No es algo tan raro, me diréis los que conocéis el cabecero
de mi cama, puesto que en uno de sus lados atesoro piedras y piedritas de
distintos tamaños.
Y es eso, precisamente, lo que he pensado cuando me la he
encontrado: “se habrá caído de arriba”. Pero, no. Esta piedra no es una de las
que componen mi colección vital, todas mis piedras son redondeadas, hijas de la
erosión del mar o de algún río.
Esta piedra es sílex tallado, pero no con demasiada fortuna,
de tal manera que ha quedado en un medio camino entre la piedra anodina y la
herramienta.
Hallarla en el momento de la transición entre el sueño y la vigilia ha convertido su encuentro en un evento, algo digno de mención.
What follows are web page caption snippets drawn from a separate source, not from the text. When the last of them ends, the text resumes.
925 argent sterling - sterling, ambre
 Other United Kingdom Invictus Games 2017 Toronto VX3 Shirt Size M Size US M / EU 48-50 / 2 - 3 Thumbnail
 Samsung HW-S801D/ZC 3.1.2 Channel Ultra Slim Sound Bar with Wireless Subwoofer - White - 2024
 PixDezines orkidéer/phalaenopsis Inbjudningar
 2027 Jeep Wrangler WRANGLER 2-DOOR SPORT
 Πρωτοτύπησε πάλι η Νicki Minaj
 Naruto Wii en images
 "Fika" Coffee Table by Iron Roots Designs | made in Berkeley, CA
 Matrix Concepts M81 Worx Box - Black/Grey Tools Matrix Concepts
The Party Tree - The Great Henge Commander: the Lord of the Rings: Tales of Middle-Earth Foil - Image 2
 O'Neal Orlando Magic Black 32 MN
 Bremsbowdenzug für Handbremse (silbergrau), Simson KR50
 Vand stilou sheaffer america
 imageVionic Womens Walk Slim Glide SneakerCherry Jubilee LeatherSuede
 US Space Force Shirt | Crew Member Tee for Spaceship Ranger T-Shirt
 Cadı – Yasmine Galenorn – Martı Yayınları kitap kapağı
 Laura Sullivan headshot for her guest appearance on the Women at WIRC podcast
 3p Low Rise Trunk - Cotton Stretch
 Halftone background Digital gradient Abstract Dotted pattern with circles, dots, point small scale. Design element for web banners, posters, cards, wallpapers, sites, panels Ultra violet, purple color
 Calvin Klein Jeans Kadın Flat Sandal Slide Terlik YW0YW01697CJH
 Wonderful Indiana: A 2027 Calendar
No lo había considerado hasta ahora, pero lo cierto es que
una de las múltiples ventajas de vivir en una casa compartida es que existe la
posibilidad de que alguien decida dejarte un sílex semitallado a como anónima
ofrenda.
En estos tiempos tan anodinos cualquier novedad, por
sencilla que parezca, se convierte en un soplo de aire fresco. Cualquier disonancia
que saque a nuestra mente del letargo es un obsequio.
Ahora, siempre que el tedio me abruma recorro las aristas de
la piedra y fantaseo con encontrar a su portador.